Once the line containing "Étkezőszék Vinka-Flex karfás" is found in the entries below, reproduce it and every line after it, stopping at and including the line containing "Herren Grafik T-Shirt"; reproduce nothing else, and keep each line exact.

(Dataset excerpts)
◆ ◆ ◆ ◆ ◆ ◆ ◆

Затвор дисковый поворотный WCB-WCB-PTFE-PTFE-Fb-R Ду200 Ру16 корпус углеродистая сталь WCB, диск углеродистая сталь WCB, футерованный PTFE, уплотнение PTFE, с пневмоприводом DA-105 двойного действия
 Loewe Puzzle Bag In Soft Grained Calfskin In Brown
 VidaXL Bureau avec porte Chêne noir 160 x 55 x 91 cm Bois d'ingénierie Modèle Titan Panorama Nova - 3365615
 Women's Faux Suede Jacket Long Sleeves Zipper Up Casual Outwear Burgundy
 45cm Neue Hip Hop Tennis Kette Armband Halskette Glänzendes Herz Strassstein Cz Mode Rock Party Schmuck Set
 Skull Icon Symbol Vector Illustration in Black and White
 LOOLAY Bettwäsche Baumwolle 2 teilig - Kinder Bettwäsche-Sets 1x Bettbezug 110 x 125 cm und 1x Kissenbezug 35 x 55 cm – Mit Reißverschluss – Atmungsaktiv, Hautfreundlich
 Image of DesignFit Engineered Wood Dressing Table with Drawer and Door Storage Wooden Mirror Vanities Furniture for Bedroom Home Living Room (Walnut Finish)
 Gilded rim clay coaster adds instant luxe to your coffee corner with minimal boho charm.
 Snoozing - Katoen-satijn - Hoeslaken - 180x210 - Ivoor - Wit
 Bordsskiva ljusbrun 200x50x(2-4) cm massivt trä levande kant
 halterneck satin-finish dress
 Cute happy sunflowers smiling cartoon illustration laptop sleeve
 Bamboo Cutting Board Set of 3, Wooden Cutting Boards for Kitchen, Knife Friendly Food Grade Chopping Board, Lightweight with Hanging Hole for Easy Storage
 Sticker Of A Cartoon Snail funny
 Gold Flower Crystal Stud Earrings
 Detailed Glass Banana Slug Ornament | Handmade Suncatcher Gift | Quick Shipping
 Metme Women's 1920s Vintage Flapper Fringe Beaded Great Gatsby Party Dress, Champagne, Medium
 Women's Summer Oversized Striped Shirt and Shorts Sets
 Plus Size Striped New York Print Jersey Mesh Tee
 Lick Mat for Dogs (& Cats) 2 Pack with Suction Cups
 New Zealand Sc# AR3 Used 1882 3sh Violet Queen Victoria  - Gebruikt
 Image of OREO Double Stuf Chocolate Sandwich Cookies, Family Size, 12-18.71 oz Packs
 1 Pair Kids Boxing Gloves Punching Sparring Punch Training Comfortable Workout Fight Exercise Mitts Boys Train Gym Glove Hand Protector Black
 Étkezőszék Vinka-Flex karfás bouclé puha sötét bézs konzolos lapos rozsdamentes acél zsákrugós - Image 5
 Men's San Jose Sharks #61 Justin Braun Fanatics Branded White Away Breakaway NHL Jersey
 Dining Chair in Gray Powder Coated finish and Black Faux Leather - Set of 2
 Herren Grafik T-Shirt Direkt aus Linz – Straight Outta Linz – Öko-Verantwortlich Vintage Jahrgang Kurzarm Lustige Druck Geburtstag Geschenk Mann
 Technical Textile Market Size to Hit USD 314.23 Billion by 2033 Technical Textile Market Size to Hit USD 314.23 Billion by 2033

◆ ◆ ◆ ◆ ◆ ◆ ◆

Answer section
 Étkezőszék Vinka-Flex karfás bouclé puha sötét bézs konzolos lapos rozsdamentes acél zsákrugós - Image 5
 Men's San Jose Sharks #61 Justin Braun Fanatics Branded White Away Breakaway NHL Jersey
 Dining Chair in Gray Powder Coated finish and Black Faux Leather - Set of 2
 Herren Grafik T-Shirt Direkt aus Linz – Straight Outta Linz – Öko-Verantwortlich Vintage Jahrgang Kurzarm Lustige Druck Geburtstag Geschenk Mann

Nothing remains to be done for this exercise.